Task objective:
For the material below, the expected output is exactly the lines between the line holding "Calfskin Matelasse Monogram" and the line holding "Glass Beakers Set, ZEEROQOLAB", inclusive, with pictures left out.
───── Provided records
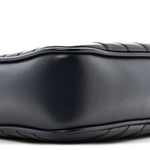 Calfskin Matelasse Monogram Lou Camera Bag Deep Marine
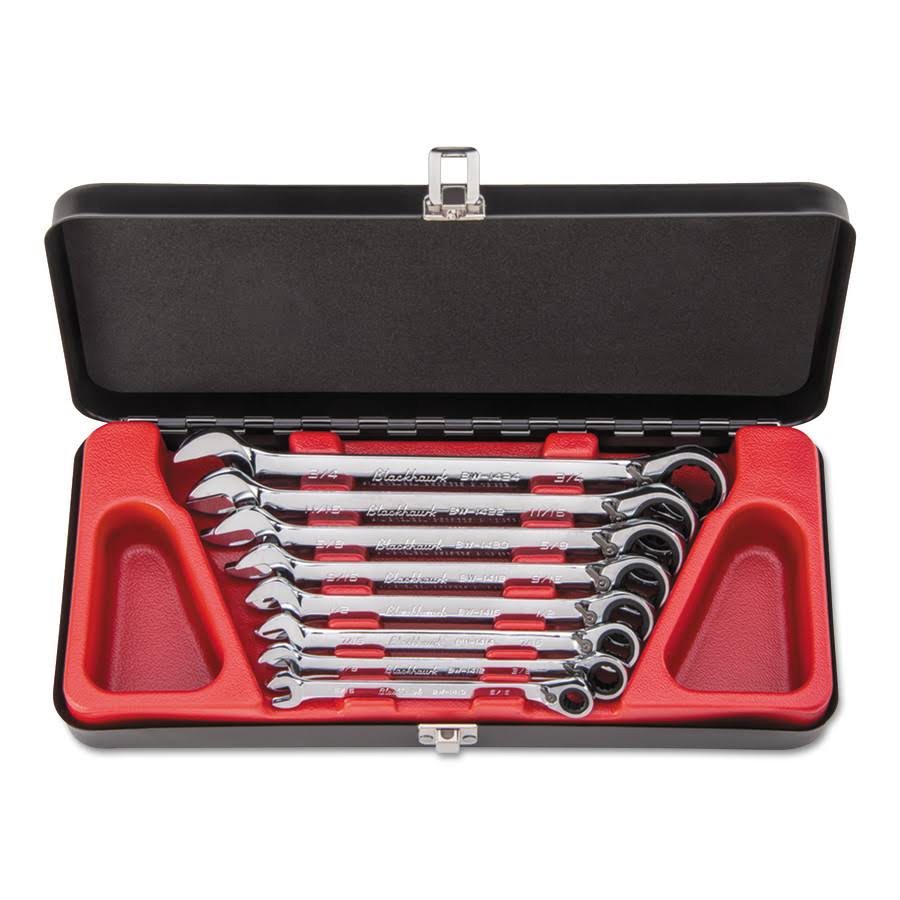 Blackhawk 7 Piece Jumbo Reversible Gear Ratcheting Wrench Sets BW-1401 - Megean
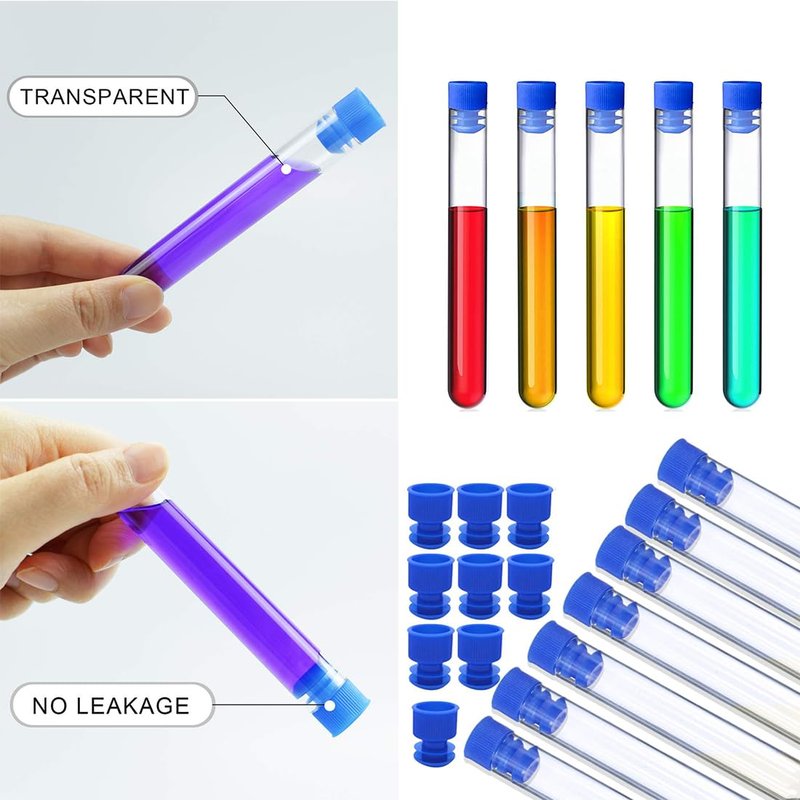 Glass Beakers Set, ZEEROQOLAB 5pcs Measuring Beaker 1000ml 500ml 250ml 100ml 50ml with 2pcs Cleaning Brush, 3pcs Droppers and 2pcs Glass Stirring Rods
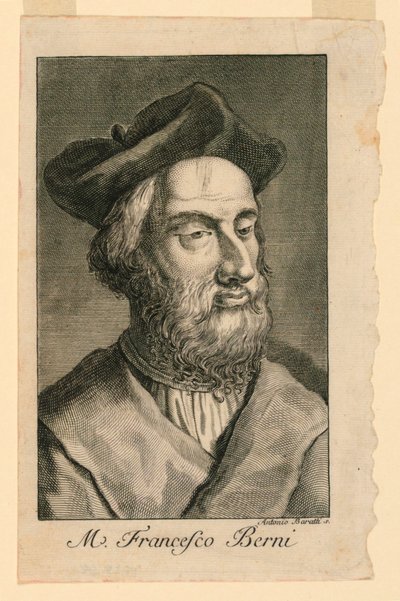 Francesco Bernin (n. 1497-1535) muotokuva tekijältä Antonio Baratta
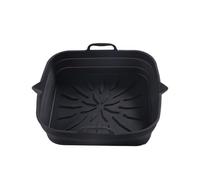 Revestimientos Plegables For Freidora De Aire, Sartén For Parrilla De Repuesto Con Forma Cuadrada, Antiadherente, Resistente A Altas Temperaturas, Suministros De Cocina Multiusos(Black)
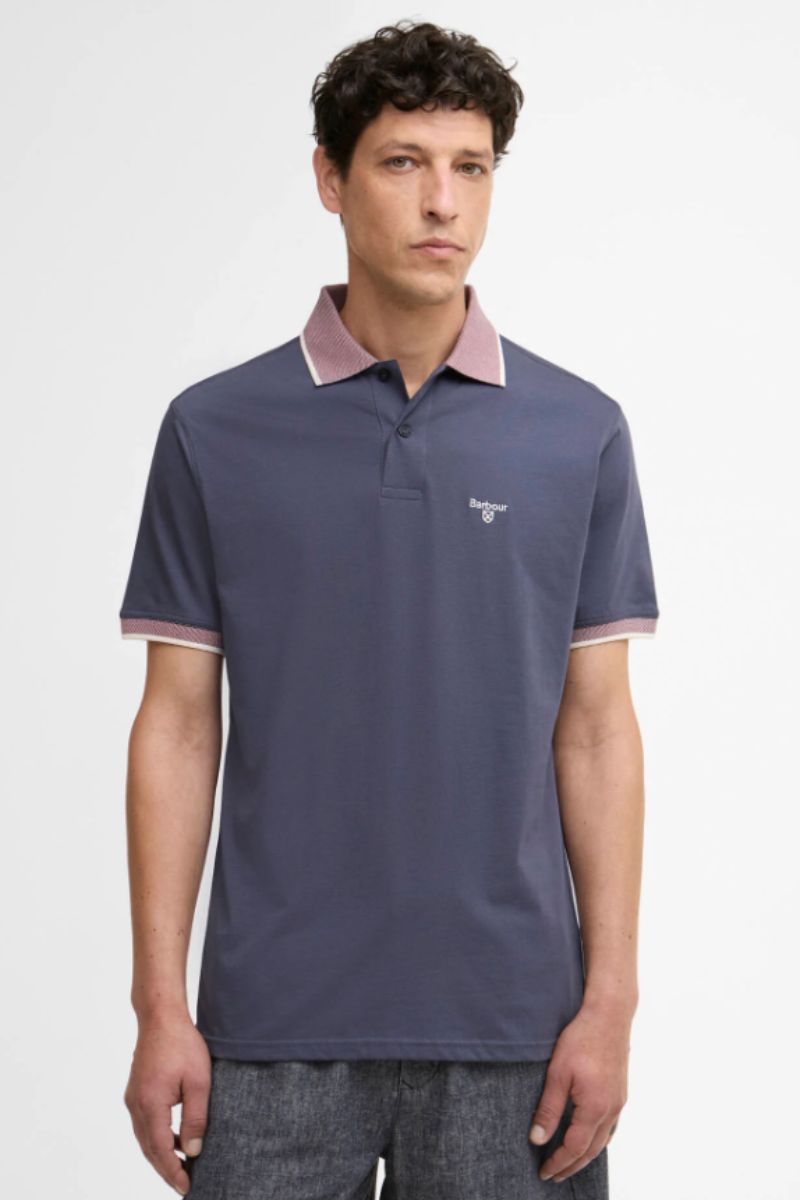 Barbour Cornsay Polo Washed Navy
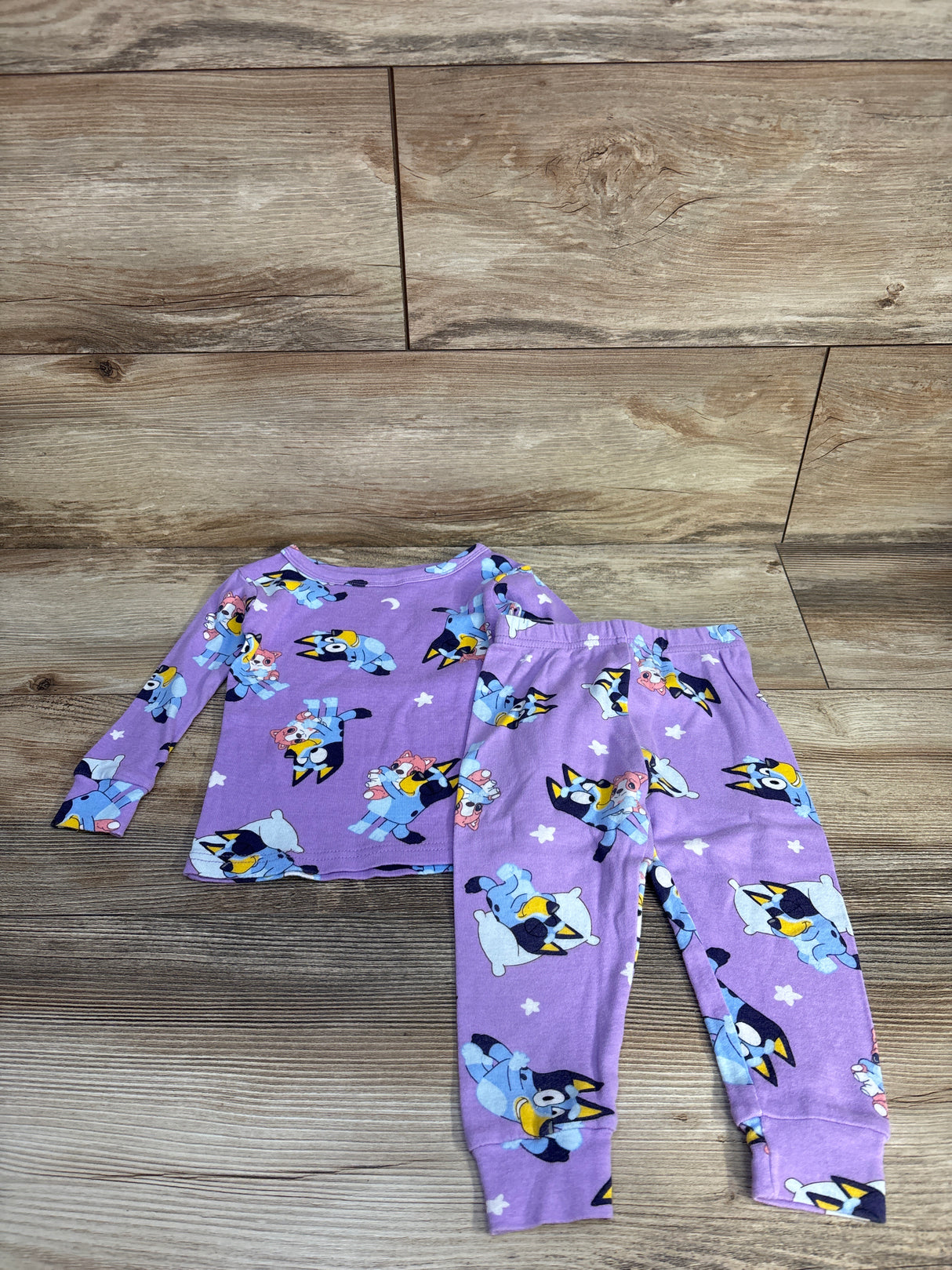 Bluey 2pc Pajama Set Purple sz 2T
──────────
───── Provided records
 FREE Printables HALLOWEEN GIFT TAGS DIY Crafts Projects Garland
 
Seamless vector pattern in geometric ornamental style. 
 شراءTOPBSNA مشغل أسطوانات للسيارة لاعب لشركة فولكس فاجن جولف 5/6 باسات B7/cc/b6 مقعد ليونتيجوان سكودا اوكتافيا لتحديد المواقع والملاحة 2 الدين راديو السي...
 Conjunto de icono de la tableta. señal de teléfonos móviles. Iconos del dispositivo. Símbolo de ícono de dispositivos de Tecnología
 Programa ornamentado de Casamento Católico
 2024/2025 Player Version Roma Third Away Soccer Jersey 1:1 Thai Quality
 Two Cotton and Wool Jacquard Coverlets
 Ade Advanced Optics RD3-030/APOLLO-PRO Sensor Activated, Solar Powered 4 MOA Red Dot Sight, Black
──────────
Response to this exercise:
 Calfskin Matelasse Monogram Lou Camera Bag Deep Marine
 Blackhawk 7 Piece Jumbo Reversible Gear Ratcheting Wrench Sets BW-1401 - Megean
 Glass Beakers Set, ZEEROQOLAB 5pcs Measuring Beaker 1000ml 500ml 250ml 100ml 50ml with 2pcs Cleaning Brush, 3pcs Droppers and 2pcs Glass Stirring Rods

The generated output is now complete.